Microsoft's customers like freebies and conveniences, but they also like to be forewarned when something is about to come down their pipes and end up on their servers.
Without advance notice, Microsoft on Wednesday night made it possible for customers to use Software Update Services (SUS) to distribute service packs, instead of requiring a separate patch management system or Active Directory group policy. Customers who have checked their Windows updates since then have found they received copies of Service Pack 4 for Windows 2000 and Service Pack 1 for XP.
For many, the ability to get service packs via SUS is a nice change. "Microsoft's original party line was you would have to use [Systems Management Server] to push out service packs or use Active Directory and group policy," said Jeremy Moskowitz, an independent consultant based in Wilmington, Del.
"The only thing it costs you is a little more disk space on the server," Moskowitz said. "You do have to approve the update before it is sent to the client."

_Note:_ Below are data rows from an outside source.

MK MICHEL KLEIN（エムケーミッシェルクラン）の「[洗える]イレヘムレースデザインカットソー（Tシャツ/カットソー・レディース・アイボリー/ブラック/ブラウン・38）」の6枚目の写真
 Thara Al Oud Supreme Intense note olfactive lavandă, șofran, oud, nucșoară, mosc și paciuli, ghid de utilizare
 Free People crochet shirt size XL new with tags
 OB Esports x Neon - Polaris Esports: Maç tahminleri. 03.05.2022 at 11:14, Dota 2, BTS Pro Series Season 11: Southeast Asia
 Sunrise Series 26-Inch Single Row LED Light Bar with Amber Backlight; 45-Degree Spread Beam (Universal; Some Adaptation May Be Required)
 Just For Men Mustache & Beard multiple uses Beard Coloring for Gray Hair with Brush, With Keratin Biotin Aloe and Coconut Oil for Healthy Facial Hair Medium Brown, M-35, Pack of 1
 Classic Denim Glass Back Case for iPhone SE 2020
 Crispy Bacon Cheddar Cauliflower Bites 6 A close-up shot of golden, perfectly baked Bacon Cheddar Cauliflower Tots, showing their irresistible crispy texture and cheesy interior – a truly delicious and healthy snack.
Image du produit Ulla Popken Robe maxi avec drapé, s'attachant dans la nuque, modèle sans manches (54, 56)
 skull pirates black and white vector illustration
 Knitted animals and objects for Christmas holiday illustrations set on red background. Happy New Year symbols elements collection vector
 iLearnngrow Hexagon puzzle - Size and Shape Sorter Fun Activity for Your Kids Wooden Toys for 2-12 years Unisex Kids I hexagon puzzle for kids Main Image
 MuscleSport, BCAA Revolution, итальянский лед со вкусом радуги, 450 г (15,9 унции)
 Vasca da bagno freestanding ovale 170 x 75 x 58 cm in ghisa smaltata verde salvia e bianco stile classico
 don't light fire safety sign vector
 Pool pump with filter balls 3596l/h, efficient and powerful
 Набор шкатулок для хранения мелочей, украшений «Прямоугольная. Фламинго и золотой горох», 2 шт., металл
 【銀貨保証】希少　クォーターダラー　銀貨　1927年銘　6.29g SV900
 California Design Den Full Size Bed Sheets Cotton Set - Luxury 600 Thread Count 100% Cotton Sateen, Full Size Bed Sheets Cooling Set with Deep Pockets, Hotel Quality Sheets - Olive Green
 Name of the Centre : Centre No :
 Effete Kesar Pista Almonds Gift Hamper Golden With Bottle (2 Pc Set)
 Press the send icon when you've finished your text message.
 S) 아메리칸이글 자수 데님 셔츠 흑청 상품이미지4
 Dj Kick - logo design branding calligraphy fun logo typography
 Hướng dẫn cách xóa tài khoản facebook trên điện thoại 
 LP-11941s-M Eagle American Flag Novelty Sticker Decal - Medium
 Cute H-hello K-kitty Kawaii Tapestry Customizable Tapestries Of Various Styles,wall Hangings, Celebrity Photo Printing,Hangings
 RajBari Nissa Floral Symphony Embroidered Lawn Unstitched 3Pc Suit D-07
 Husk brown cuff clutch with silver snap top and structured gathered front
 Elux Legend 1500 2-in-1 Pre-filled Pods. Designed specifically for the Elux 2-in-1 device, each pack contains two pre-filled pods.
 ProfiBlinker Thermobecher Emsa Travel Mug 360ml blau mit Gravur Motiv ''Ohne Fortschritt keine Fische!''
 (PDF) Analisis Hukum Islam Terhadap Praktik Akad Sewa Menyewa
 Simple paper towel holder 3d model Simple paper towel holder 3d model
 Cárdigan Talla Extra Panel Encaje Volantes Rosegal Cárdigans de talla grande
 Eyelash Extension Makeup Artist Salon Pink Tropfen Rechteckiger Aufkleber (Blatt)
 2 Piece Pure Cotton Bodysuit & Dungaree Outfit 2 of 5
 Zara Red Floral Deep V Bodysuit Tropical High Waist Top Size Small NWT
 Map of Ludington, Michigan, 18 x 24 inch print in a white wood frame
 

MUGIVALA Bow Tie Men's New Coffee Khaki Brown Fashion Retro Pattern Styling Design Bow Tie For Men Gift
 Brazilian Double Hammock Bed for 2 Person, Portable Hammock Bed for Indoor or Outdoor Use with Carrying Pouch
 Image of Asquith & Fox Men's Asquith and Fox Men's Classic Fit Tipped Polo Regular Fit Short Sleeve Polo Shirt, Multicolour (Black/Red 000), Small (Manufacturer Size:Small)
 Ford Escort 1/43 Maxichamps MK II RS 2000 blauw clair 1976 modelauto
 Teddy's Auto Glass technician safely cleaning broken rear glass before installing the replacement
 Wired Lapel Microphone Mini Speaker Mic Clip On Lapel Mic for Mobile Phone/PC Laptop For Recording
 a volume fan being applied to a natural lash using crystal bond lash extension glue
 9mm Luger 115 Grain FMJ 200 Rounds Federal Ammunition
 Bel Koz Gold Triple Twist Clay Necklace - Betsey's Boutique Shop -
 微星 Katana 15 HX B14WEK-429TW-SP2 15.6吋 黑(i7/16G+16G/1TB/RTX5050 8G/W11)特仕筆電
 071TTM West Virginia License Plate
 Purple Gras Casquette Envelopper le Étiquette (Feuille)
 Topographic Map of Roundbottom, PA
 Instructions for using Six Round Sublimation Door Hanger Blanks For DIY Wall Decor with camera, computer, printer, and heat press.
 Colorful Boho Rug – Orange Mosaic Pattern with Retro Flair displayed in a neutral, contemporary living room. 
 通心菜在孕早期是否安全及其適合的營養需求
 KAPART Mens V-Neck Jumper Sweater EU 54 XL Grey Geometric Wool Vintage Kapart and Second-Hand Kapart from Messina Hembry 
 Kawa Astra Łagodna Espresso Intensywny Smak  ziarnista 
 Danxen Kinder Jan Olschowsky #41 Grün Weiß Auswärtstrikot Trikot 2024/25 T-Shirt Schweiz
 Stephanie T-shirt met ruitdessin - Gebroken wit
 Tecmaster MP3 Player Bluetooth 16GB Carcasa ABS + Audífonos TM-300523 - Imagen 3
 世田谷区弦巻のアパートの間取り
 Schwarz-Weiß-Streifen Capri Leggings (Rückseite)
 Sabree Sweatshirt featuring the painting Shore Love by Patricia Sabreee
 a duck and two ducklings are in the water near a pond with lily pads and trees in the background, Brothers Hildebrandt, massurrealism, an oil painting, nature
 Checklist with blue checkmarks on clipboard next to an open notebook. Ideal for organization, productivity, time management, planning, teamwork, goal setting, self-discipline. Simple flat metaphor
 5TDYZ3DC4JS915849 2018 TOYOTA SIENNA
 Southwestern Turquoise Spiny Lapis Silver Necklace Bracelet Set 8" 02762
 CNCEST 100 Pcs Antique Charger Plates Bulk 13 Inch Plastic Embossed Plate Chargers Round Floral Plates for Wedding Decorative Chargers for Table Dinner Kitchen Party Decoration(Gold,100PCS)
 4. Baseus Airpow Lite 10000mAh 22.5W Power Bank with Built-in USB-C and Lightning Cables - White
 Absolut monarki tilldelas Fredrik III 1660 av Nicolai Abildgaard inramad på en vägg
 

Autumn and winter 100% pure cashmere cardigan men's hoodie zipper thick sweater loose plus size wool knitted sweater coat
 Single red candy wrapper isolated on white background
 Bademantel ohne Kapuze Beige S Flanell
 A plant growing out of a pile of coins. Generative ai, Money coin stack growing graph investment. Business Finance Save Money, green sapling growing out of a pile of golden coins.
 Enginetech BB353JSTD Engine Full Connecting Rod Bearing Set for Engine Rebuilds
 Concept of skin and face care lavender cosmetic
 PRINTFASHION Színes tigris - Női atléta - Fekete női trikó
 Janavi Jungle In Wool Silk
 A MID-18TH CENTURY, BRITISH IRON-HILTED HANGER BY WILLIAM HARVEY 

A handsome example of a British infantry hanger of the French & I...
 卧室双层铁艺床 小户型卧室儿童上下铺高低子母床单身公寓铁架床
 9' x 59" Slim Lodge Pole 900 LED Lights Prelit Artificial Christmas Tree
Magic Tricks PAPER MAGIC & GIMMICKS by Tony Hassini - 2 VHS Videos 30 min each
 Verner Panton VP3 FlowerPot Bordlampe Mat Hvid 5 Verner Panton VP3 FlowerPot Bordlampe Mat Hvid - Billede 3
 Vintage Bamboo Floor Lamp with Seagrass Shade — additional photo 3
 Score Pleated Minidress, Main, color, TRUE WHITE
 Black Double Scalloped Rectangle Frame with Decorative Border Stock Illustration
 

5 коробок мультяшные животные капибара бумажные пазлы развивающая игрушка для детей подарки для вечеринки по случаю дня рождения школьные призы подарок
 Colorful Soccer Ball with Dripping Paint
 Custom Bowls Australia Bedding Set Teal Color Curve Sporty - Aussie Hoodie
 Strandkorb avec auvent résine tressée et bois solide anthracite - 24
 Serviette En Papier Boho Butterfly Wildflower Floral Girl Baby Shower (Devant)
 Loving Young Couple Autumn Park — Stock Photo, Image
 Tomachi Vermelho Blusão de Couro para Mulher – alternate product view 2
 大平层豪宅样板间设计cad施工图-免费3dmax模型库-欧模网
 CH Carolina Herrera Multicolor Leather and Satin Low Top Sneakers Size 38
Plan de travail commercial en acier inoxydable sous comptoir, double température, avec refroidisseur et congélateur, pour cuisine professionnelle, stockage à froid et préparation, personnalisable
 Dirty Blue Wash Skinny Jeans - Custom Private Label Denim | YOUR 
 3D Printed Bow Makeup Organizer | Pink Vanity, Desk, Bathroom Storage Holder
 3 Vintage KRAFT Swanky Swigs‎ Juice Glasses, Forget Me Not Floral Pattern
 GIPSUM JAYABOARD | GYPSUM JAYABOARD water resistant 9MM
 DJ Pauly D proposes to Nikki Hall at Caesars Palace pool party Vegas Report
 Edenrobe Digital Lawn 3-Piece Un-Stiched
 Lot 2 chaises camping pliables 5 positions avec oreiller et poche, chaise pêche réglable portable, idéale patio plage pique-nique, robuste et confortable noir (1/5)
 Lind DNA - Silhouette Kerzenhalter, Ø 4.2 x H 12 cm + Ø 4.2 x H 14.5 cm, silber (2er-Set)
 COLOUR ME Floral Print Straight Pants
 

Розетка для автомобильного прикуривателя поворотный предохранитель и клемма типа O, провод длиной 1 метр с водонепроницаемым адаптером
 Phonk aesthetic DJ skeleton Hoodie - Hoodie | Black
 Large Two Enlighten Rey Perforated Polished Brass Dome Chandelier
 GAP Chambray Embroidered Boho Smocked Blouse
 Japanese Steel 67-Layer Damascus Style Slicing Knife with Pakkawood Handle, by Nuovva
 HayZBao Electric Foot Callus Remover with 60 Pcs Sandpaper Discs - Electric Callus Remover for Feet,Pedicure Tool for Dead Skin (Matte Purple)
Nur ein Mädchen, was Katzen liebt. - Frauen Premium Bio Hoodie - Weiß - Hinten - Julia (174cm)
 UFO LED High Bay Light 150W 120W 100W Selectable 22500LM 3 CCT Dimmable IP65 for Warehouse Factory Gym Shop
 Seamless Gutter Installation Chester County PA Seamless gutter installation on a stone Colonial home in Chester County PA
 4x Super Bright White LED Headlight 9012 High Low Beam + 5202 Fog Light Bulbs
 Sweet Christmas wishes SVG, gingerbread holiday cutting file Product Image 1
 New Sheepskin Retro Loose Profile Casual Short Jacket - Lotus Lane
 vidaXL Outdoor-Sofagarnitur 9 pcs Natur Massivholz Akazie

Indeed, at least one customer learned about the changes when he observed that his company firewall experienced a substantial download Wednesday evening that contained Windows 2000 Service Pack 4 and XP Service Pack 1.
He said he wasn't told by Microsoft in advance that its policy was changing. "As the service pack size has an impact on the available disk space, it would have been nice," the customer said.
Another customer said he was irked about not being told of the changes.
"I would have preferred that Microsoft made more of an announcement, and made this an option," said Ian Hayes, a network manager at Bloodhound Inc., a Research Triangle Park, N.C.-based application service provider that processes health and insurance claims.
"It won't be too useful for us because I'm stuck on SP2 because of the in-house code, and with SUS, it's an all or nothing thing," Hayes said. "I'm not going to push service packs out with SUS because the amount of traffic I'd have to pass would be incredible. Windows SP4 is 125 megabytes."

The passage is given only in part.